SWIBER HOLDINGS LIMITED (Incorporated in the Republic of Singapore) (Company Registration No. 200414721N) NOTICE OF EXTRAORDINARY GENERAL MEETING

Unless otherwise defined or the context otherwise requires, all capitalised terms herein shall bear the same meaning as used in the circular dated 13 January 2014 issued by the Company (the "Circular").

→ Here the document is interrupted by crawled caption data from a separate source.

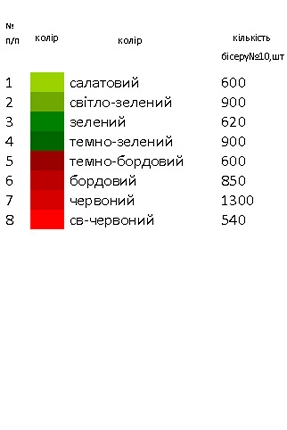 Дитяче плаття комбіноване ДПК - 3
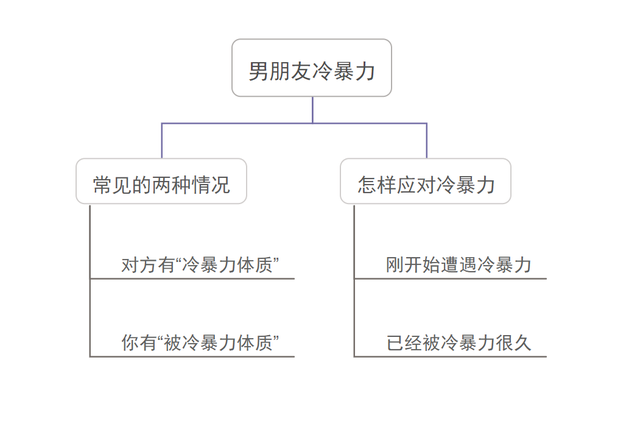 男人冷暴力怎么解决才有效，老公冷暴力怎么对付他（手把手教你破解男人的冷暴力）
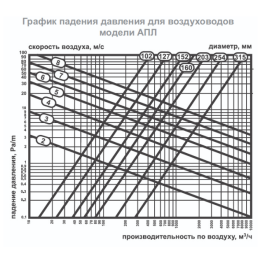 Гибкий воздуховод АПЛ d102 10 метров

NOTICE IS HEREBY GIVEN that an Extraordinary General Meeting of Swiber Holdings Limited

(the "Company") will be held on 28 January 2014 at 10.00 a.m. at 12 International Business Park,

#03-02 Swiber@IBP, Singapore 609920 for the purpose of considering and, if thought fit, passing with or without any modifications the following resolution:

AS ORDINARY RESOLUTION: RESOLUTION 1: THE PROPOSED DISPOSAL

(a) approval be and is hereby given for the sale of the Company's entire shareholding in Kreuz Holdings Limited pursuant to the Scheme or, in the event the Switch Option is exercised, the Offer, for a consideration of not less than S$0.80 per ordinary share in the capital of Kreuz Holdings Limited, subject to the terms and conditions of the Deed and the Netting Agreement; and

(b) any of the Directors of the Company be and is hereby authorised to complete and to do all acts and things as he may consider necessary or expedient for the purposes of or in connection with the Proposed Disposal and to give effect to this resolution, (including amendment to the Deed, the Netting Agreement, the Commercial Undertaking Agreement and/or the Ancillary Commercial Undertakings, execution of any other agreements or documents or procurement of third party consents) as he shall think fit and in the interests of the Company.

By Order of the Board

Swiber Holdings Limited

Raymond Kim Goh

Executive Chairman

13 January 2014

Notes:

1. A member entitled to attend and vote at this meeting is entitled to appoint a proxy or proxies to attend and vote instead of him. A proxy need not be a member of the Company.
2. The form of proxy in the case of an individual shall be signed by the appointor or his attorney, and in the case of a corporation, either under its common seal or under the hand of an officer or attorney duly authorised.
3. If the form of proxy is returned without any indication as to how the proxy shall vote, the proxy will vote or abstain as he thinks fit.
4. If no name is inserted in the space for the name of your proxy on the form of proxy, the
Chairman of the Meeting will act as your proxy.
5. The form of proxy or other instruments of appointment shall not be treated as valid unless deposited at the Company's business address at 12 International Business Park, Swiber@IBP
#01-05, Singapore 609920 not less than 48 hours before the time appointed for holding the meeting and at any adjournment thereof.
6. For depositors holding their shares through The Central Depository (Pte) Limited in Singapore, the Directors have determined that it is more practicable for the depositor proxy form to be delivered to, collected, collated, reviewed and checked at the Company's business office at
12 International Business Park, Swiber@IBP #01-05, Singapore 609920 and as such will be counted as valid in regards to this meeting pursuant to the Company's Articles. The depositor proxy form, duly completed, must be deposited by the depositor(s) at the abovementioned office of the Company's Share Registrar in Singapore not less than 48 hours before the commencement of the EGM.